* What you are asked to do
With the pictures omitted, set down exactly the lines from the one that contains "Funny Grumpy Patchwork" through the last line of the data.

* Data below

==============================

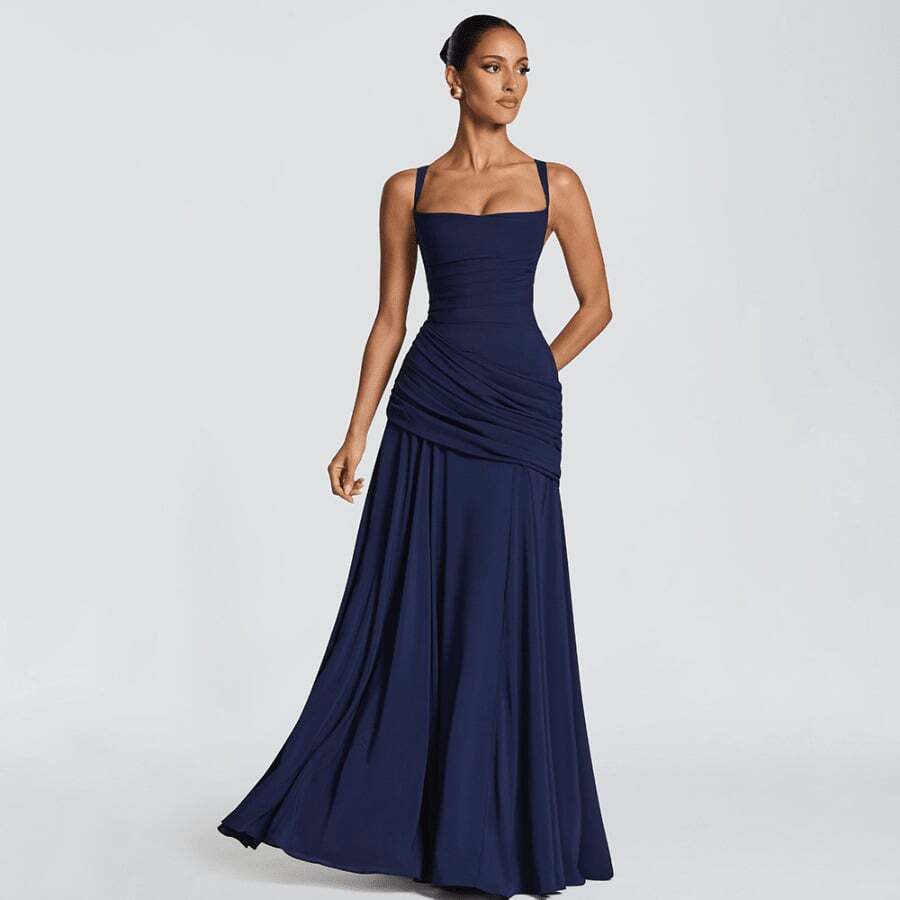 Temperament Solid Color Low-Cut Pleated Suspender Waist Backless Dress - Navy Blue - View 1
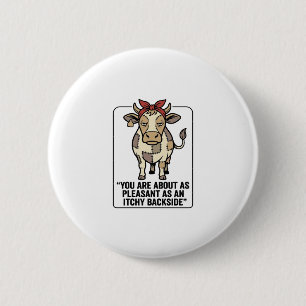 Funny Grumpy Patchwork Cow Vintage T-Shirt Design_ 2 Inch Round Button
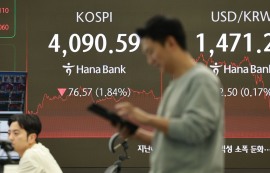 코스피, 'AI 거품론' 재점화에 1.84% 하락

==============================

* Output
 Funny Grumpy Patchwork Cow Vintage T-Shirt Design_ 2 Inch Round Button
 코스피, 'AI 거품론' 재점화에 1.84% 하락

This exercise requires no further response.